By binding the response to an echo that outputs the text to inject, we can inject that text whenever we want by requesting device status and that's done by sending a <ESC>[5n escape sequence.
printf '\e[5n'
This works, and is probably sufficient to answer the original question because no other tools are involved. It's pure bash but relies on a well-behaving terminal (practically all are).
It leaves the echoed text on the command line ready to be used as if it had been typed. It can be appended, edited, and pressing ENTER causes it to be executed.
Add \n to the bound command to have it executed automatically.
However, this solution only works in the current terminal (which is within the scope of the original question). It works from an interactive prompt or from a sourced script but it raises an error if used from a subshell:
bind: warning: line editing not enabled
The correct solution described next is more flexible but it relies on external commands.
The correct solution
The proper way to inject input uses tty_ioctl, a unix system call for I/O Control that has a TIOCSTI command that can be used to inject input.
TIOC from "Terminal IOCtl" and STI from "Send Terminal Input".
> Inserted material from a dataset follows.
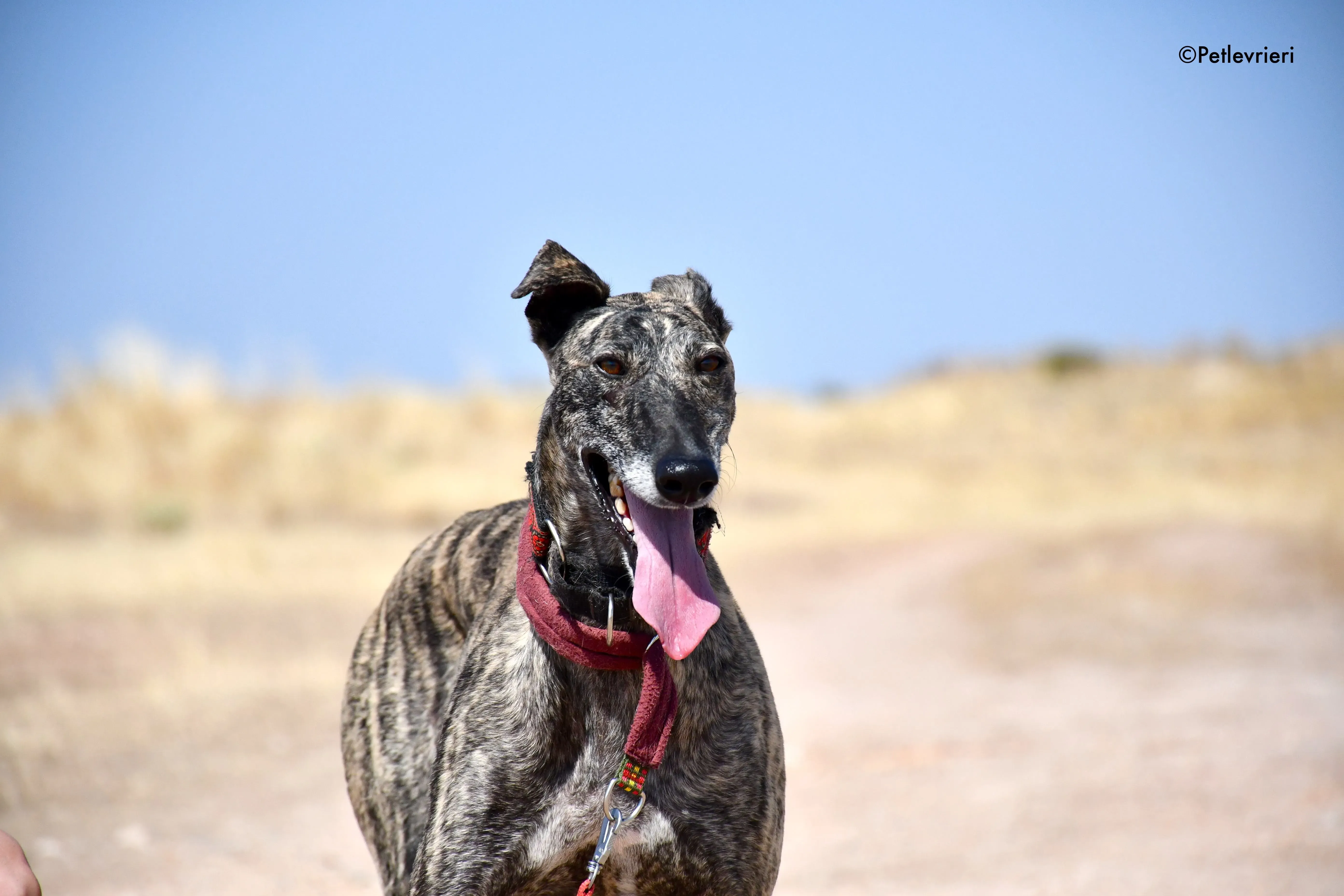 majestad adozione levrieri galgo 7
There is no command built into bash for this; doing so requires an external command. There isn't such a command in the typical GNU/Linux distribution but it isn't difficult to achieve with a little programming. Here's a shell function that uses perl:
function inject() {
perl -e 'ioctl(STDIN, 0x5412, $_) for split "", join " ", @ARGV' "$@"
}
Here, 0x5412 is the code for the TIOCSTI command.
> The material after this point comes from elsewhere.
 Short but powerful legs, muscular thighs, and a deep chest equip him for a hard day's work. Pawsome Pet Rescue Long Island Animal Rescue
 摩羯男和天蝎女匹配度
TIOCSTI is a constant defined in the standard C header files with the value 0x5412. Try grep -r TIOCSTI /usr/include, or look in /usr/include/asm-generic/ioctls.h; it's included in C programs indirectly by #include <sys/ioctl.h>.
You can then do:
$ inject ls -l
ls -l$ ls -l <- cursor here
Implementations in some other languages are shown below (save in a file and then chmod +x it):
Perl inject.pl
#!/usr/bin/perl
ioctl(STDIN, 0x5412, $_) for split "", join " ", @ARGV
You can generate sys/ioctl.ph which defines TIOCSTI instead of using the numeric value. See here
Python inject.py
#!/usr/bin/python
import fcntl, sys, termios
del sys.argv[0]
for c in ' '.join(sys.argv):
fcntl.ioctl(sys.stdin, termios.TIOCSTI, c)
Ruby inject.rb
#!/usr/bin/ruby
ARGV.join(' ').split('').each { |c| $stdin.ioctl(0x5412,c) }
C inject.c
compile with gcc -o inject inject.c
#include <sys/ioctl.h>
int main(int argc, char *argv[])
{
int a,c;
for (a=1, c=0; a< argc; c=0 )
{
while (argv[a][c])
ioctl(0, TIOCSTI, &argv[a][c++]);
if (++a < argc) ioctl(0, TIOCSTI," ");
}
return 0;
}
**!**There are further examples here.
Using ioctl to do this works in subshells. It can also inject into other terminals as explained next.
Taking it further (controlling other terminals)
It's beyond the scope of the original question but it is possible to inject characters into another terminal, subject to having the appropriate permissions. Normally this means being root, but see below for other ways.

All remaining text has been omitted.